Sales of Popsicles affect your Cash account and your Income accounts. Other accounts can be affected as well, such as an Inventory or Cost of Sales account. However, the one account that won’t be affected by a sales receipt is Accounts Receivable. Remember, Accounts Receivable is intended to be a holding bucket for unpaid transactions. By its very nature, a sales receipt implies that the purchase has been paid for on the spot.

Some transactions trigger a dual entry. The entry to lower inventory and the expense the cost of the Popsicle sold is an example of this. The selling of Inventory items almost always results in this dual-entry requirement, and both are required.

Credit Card Transactions

A good way to think of purchases you make with a credit card is as the inverse of a customer invoice. In this case, you’re the customer of the credit card company, borrowing money today for a purchase you pay for later.

When you make a credit card purchase, you have an increase in a liability account. The offset of a credit card purchase could be many things:

  • An expense, such as Telephone Expense for a cell phone bill or, returning to our pet boarding business, a Pet Food Expense.
  • An asset account, such as Inventory, when you purchase inventory for your business with a credit card instead of writing a check.
  • An insurance account, such as when you pay your monthly premium for a policy.

Record credit card transactions in much the same fashion as you write checks, but instead of reducing your bank account, you temporarily increase your credit card account in your books. When you pay the credit card, either in part or in full, you reduce both your Cash account and the credit card balance. You also might increase an Interest Expense account if interest has accrued on your unpaid balance.

ACCOUNTING HACK

Create a separate account in your accounting records for each credit card you hold.

Recording Estimates and Sales Orders

Not every type of transaction actually affects your books. Let’s say a customer is considering your services. The accounting software you use might enable you to create an estimate. This transaction looks very much like an invoice, and it might reference accounts on your chart of accounts. However, an estimate is simply a reference transaction and won’t actually increase or decrease any accounts in your books.

When your customer agrees to the work, the accounting software allows you to convert the estimate into an invoice.

Invoices do affect your books, increasing your Accounts Receivable account and typically increasing one or more Income accounts.

Here’s another example: assume your business sells parts for earthmoving equipment. A customer places an order for several teeth for his bulldozer, but you don’t currently have them in stock. Some accounting software programs allow you to create sales orders, which are similar to estimates. The distinction is the word order.

With a sales order, you’ve a confirmed purchase you’ll eventually deliver. But because you haven’t provided the items in question yet, this isn’t actually an invoice. Your accounting software enables to you ship all or part of the order, at which point an invoice is created for each segment of the order you deliver.

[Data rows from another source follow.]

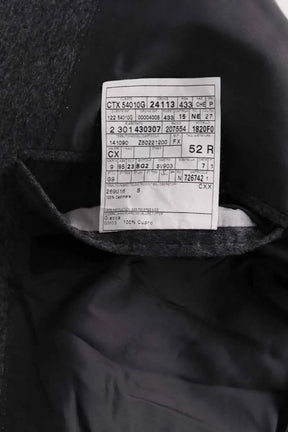 Blazer Gucci Gris en Cachemire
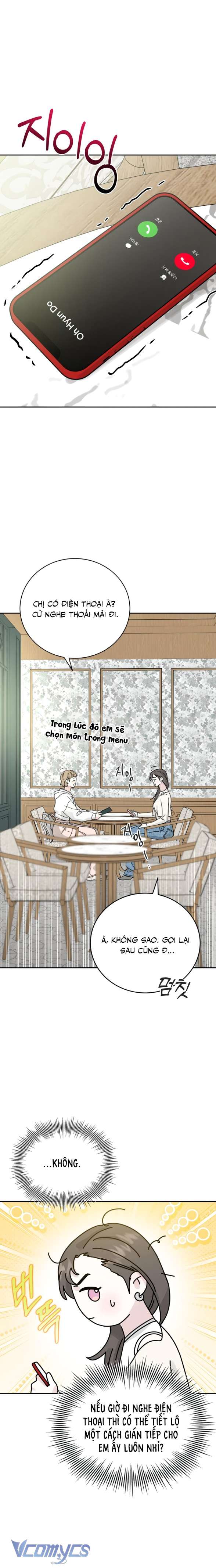 Thuyết Tình Yêu Ích Kỷ Chapter 14 - Next Chapter 15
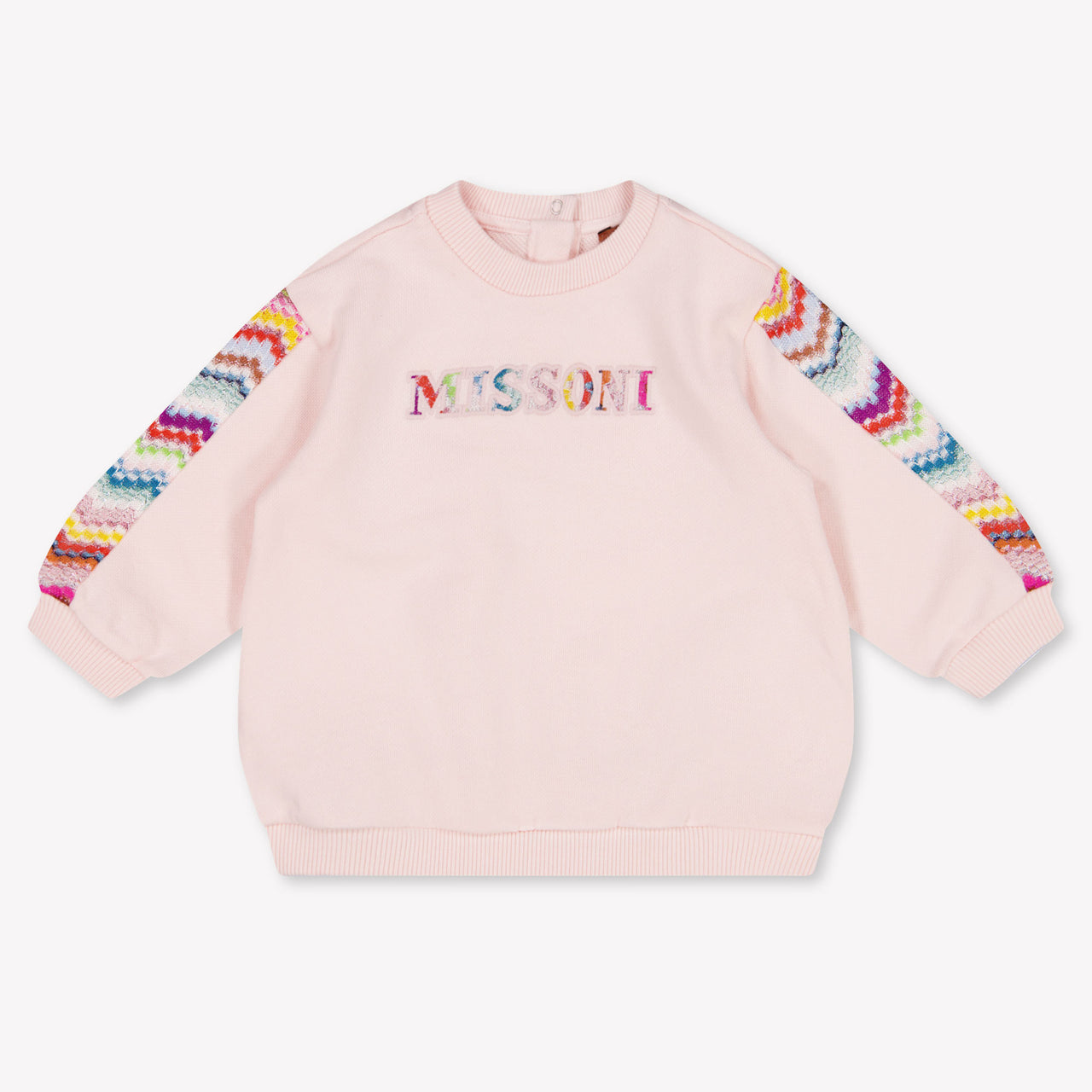 Missoni Bambino Ragazze Maglione dentro Rosa Chiaro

The Least You Need to Know

  • Accounting can be thought of as a simple method of scorekeeping for your business.
  • T accounts help you map out which accounts are debited and which are credited.
  • The debits and credits created in various types of transactions you make always balance each other.
  • Recording check, invoice, sales receipt, credit card transaction, estimate, and sales order transactions isn’t difficult, and your accounting software handles much of the behind-the-scenes details.